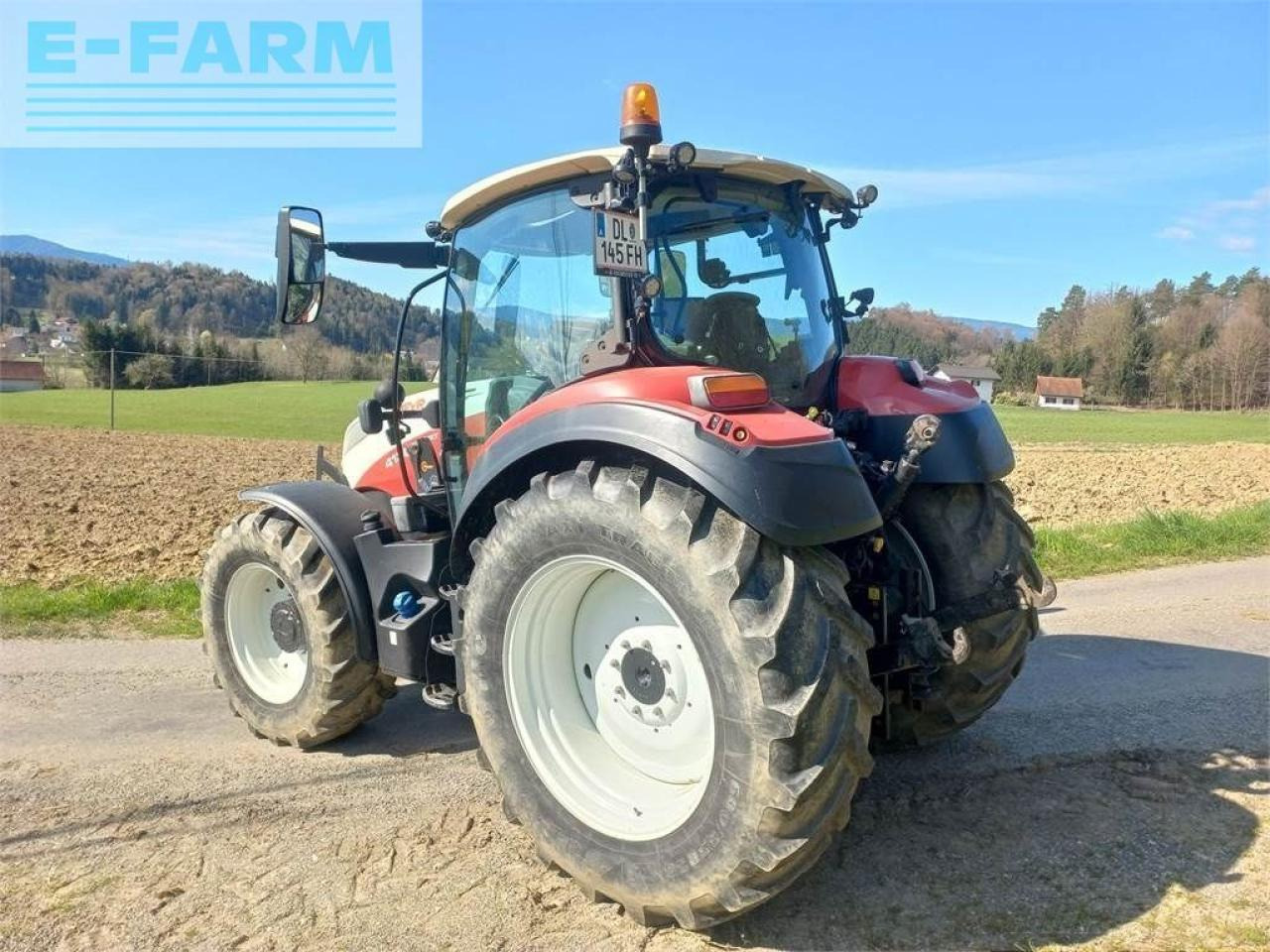 Steyr 4130 expert cvt CVT - Traktor: das Bild 4 Steyr 4130 expert cvt CVT - Traktor: das Bild 4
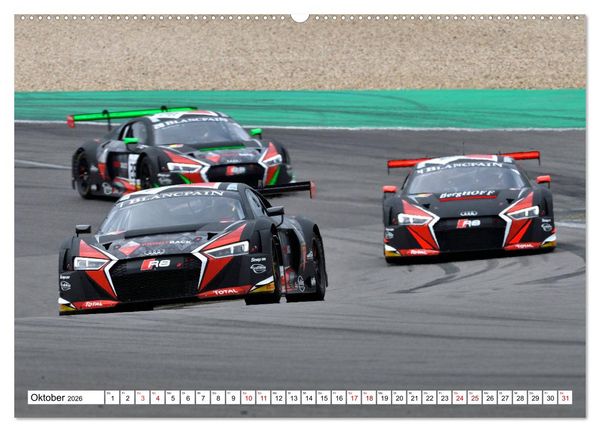 Produktbild: Faszination GT3 RACING (Wandkalender 2026 DIN A2 quer), CALVENDO Monatskalender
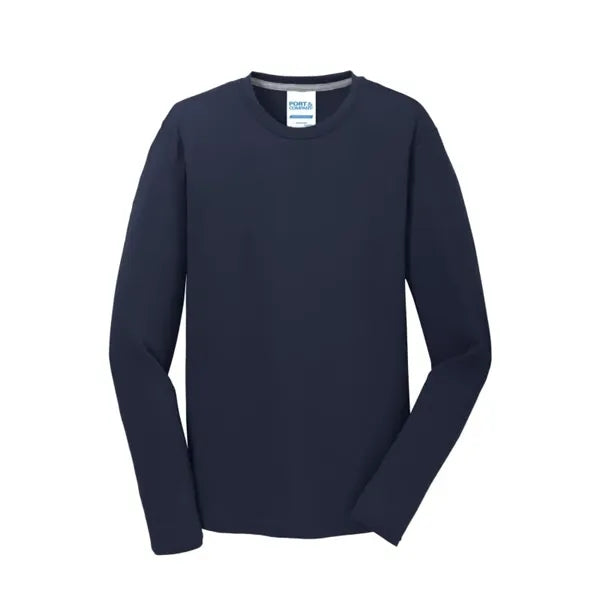 Port & Company Long Sleeve Performance Blend Tee.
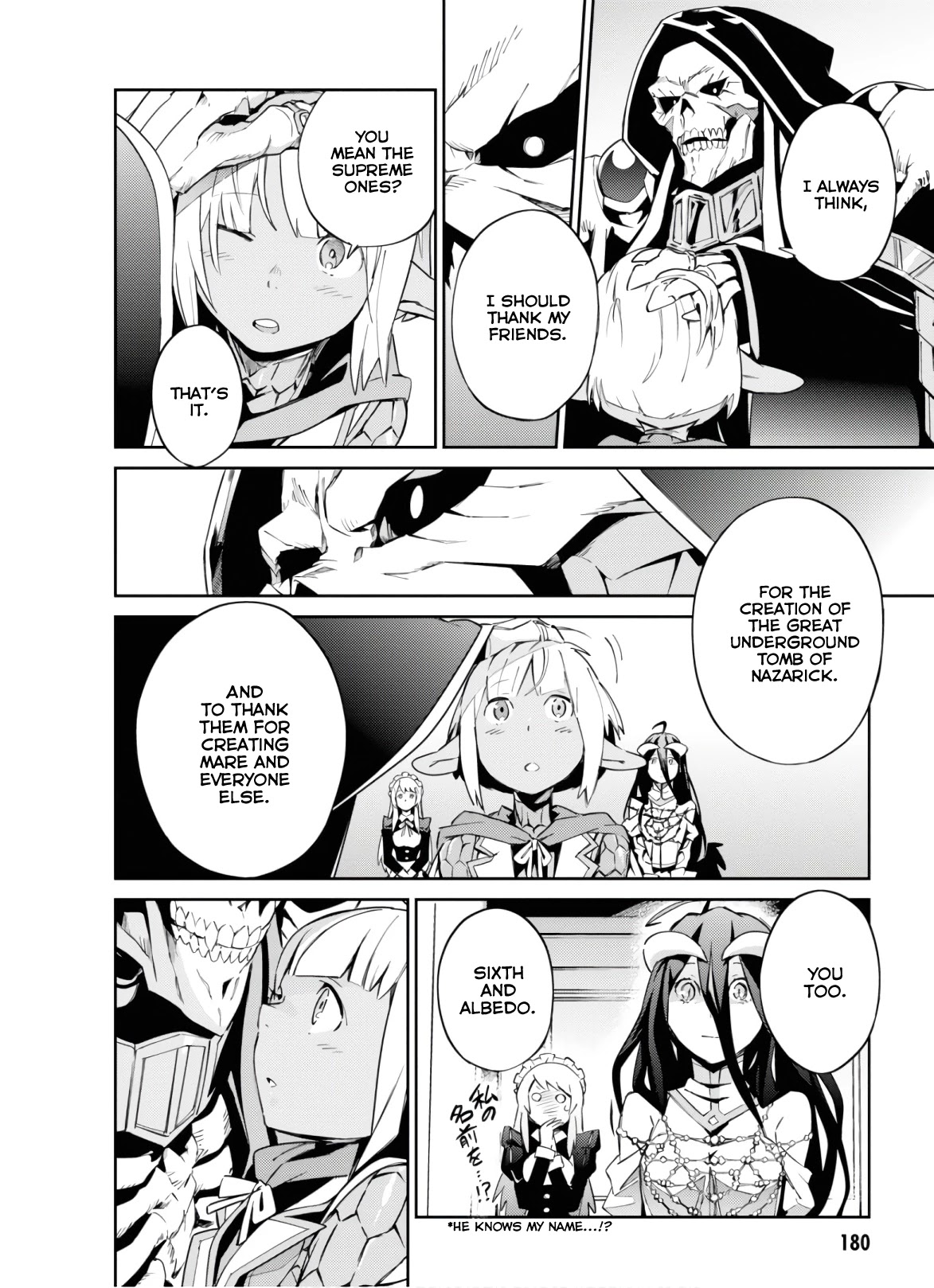 Overlord Chapter 53.2 page 30 - Chapter 53.2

ACTIVITY ::
For this exercise, output only the lines from the one bearing "Produktbild: Faszination GT3" to the end of the material above, exactly as written, with pictures left out.

SOLVED PROBLEM ::
 Produktbild: Faszination GT3 RACING (Wandkalender 2026 DIN A2 quer), CALVENDO Monatskalender
 Port & Company Long Sleeve Performance Blend Tee.
 Overlord Chapter 53.2 page 30 - Chapter 53.2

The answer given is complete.